• DATA SHOWN:

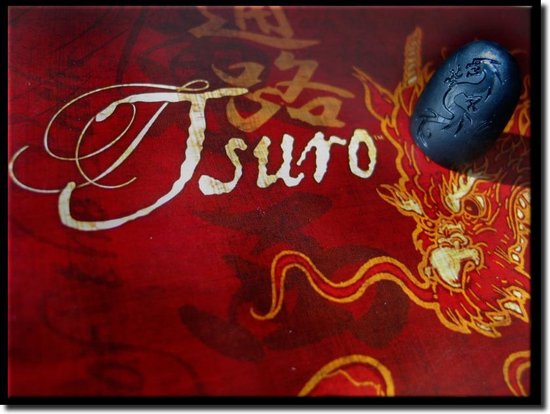 Close-up van een blauwe Tsuro-steen met drakenafbeelding naast de 'Tsuro' tekst op een rode achtergrond.
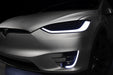Close-up on the headlights and fog lights of a Tesla Model X with white DRLs.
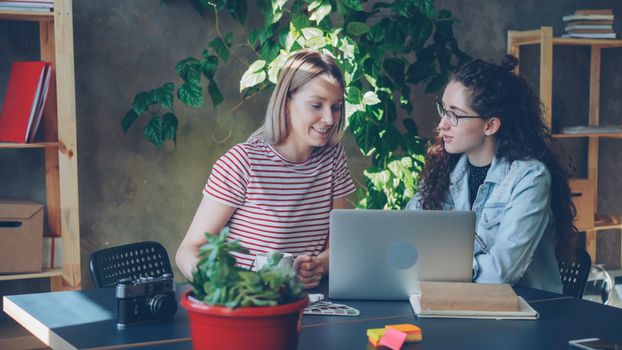 Two women discussing projects at a creative workspace desk.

• EXERCISE PROMPT: What do the lines above say from the line containing "Close-up on the" through the last line? Quote them exactly, both ends included, and leave out the pictures.

• ANSWER TO THIS PROBLEM:
Close-up on the headlights and fog lights of a Tesla Model X with white DRLs.
 Two women discussing projects at a creative workspace desk.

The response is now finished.